Monday, July 27, 2020

Rethinking Monuments

Statues are very much in the news these days. It’s just part of our finally coming to grips with our past through the eyes of the present and making conscious decisions as to who we want to be. A statue, a monument, a memorial is a testimony to a person or event that is considered worthy of celebration, designed to make us pause and appreciate and consider and thank those that sacrificed to bring us the world we now inhabit.
In that light, it’s extraordinary that it is over 150 years past the Civil War that we are finally taking down Confederate flags and statues of those who defended the institution of slavery. Naturally, removing things alone or changing Monuments accomplishes nothing if it’s not accompanied by the deep teaching and consideration of the history we all should have learned. But it is a step that announces clearly: “We will see this in a larger, more just and more inclusive light.”
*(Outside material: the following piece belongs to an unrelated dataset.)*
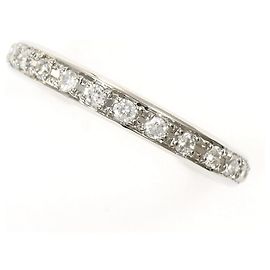 Autre Marque Bague alliance en platine avec diamant Autre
Take the Little Bighorn Monument in Montana, the site of “Custer’s Last Stand.” In my childhood, Custer was a hero tragically defeated by savage Indians. The moment we drove past the sign on Route 90, I was determined to find out how they were telling that story now, even if it cost $25 per vehicle. So we went into the park and the first thing we saw was the gravestones of the fallen soldiers. The white soldiers, that is. Not a good start.
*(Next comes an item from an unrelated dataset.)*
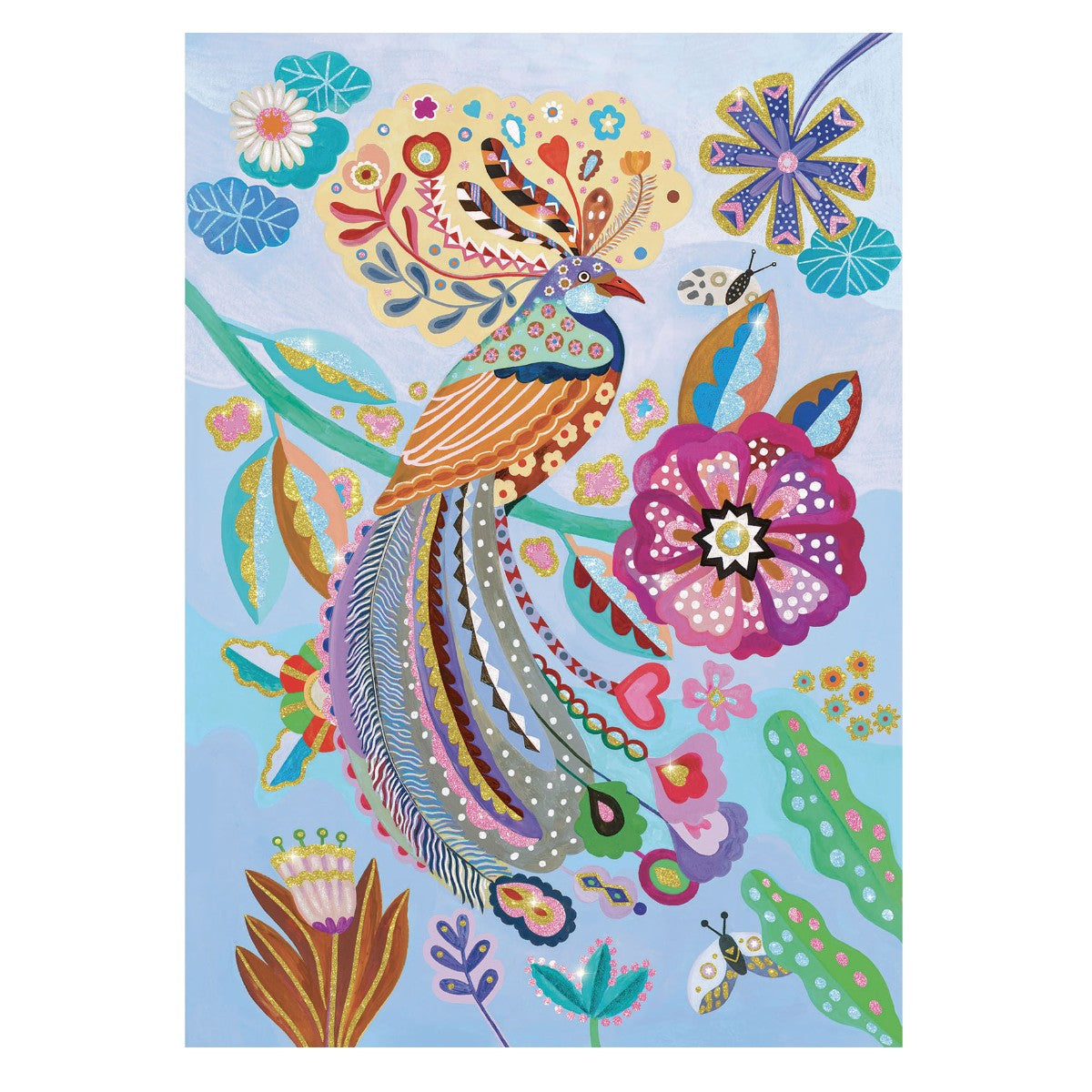 Puslespil wizzy glimmerfugl 50 brikker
But up the hill was a monument to the Indian Warriors and the pamphlet began with an acknowledgement of the battle as one of the last attempts of the Lakota and Cheyenne in the area to preserve and protect their sacred land. This new addition and the change of name from Custer’s Battlefield to Little Bighorn Monument (signed and approved by George W. Bush in 1991) is a step in that direction. Naturally, I would like to see it go a few steps further. In one short sentence, the pamphlet mentions that the government treaty agreed to “allow” the Lakota and Cheyenne to live in the Black Hills, their ancestral home. First thing to note: What gave them the power and audacity to “allow” people to live where they had lived for centuries?
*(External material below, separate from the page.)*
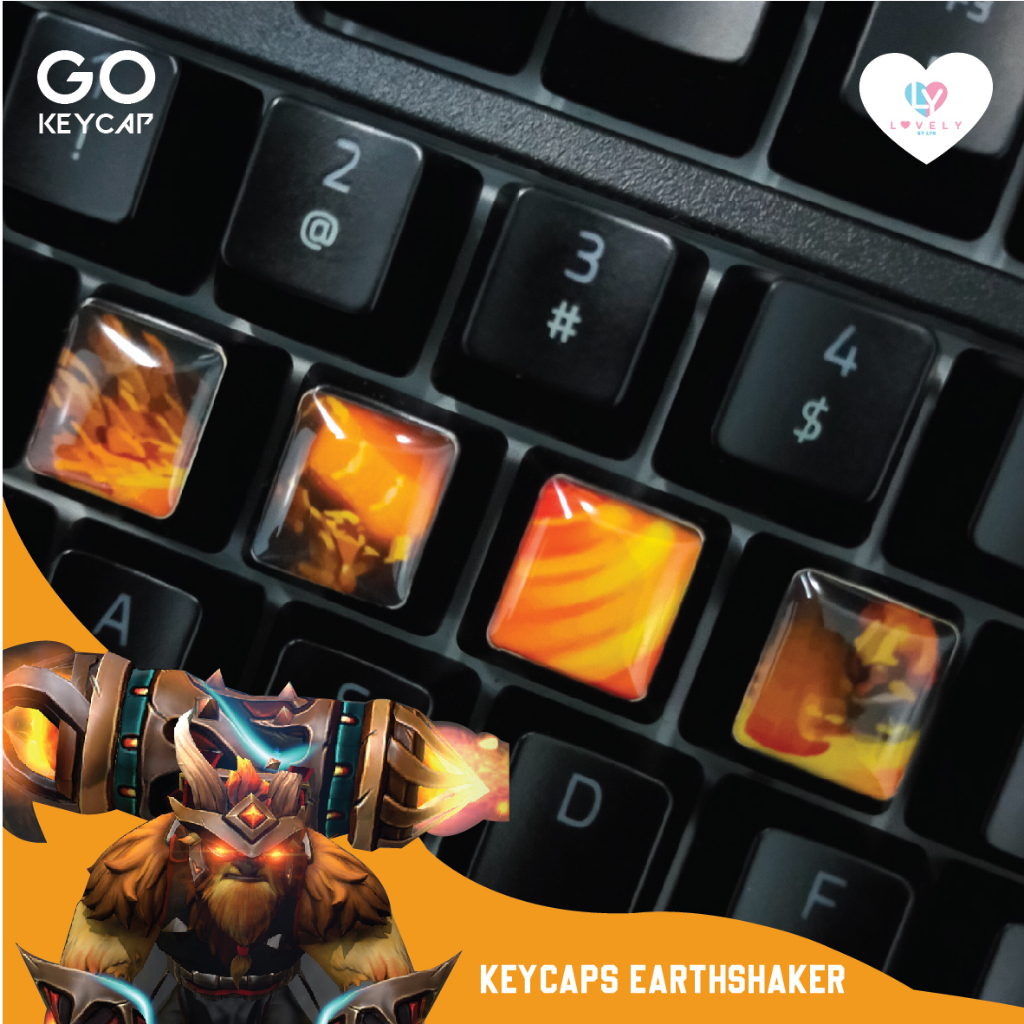 Keycaps PBT Dota 2 Earthshaker Ability | GO KEYCAPS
But—pay attention here—the big change happened when gold was discovered in the Black Hills. The gold-driven white culture (set in motion by Columbus and his ilk centuries before) felt that this was enough to nullify the treaty and Custer was there by the permission of the U.S. government to break its word and drive out the native inhabitants. That battle was a victory for the Lakota and Cheyenne, but naturally, the government simply re-doubled its efforts and within a year, they both were driven out. Follow the moneyis the mantra of any history teaching worth its salt and we need to see that force at play not only with Native American genocide and slavery, but with yesterday’s news. Arkansas Trumpublican senator Tom Cotton just said that “slavery was the necessary evil upon which our Union was built.” He’s correct that our economic prosperity came from a few hundred years of free labor, so if you follow the money, it was indeed “necessary.” But if you have a humanitarian bone in your body and a single moral fiber, you would never, ever, ever, justify such barbarity, terrorism, psychopathological relationship as necessary. And if you were an alert citizen and decent human being, you would never, ever, ever, elect such a person to a position of leadership and power. And yet we have. And yet we do.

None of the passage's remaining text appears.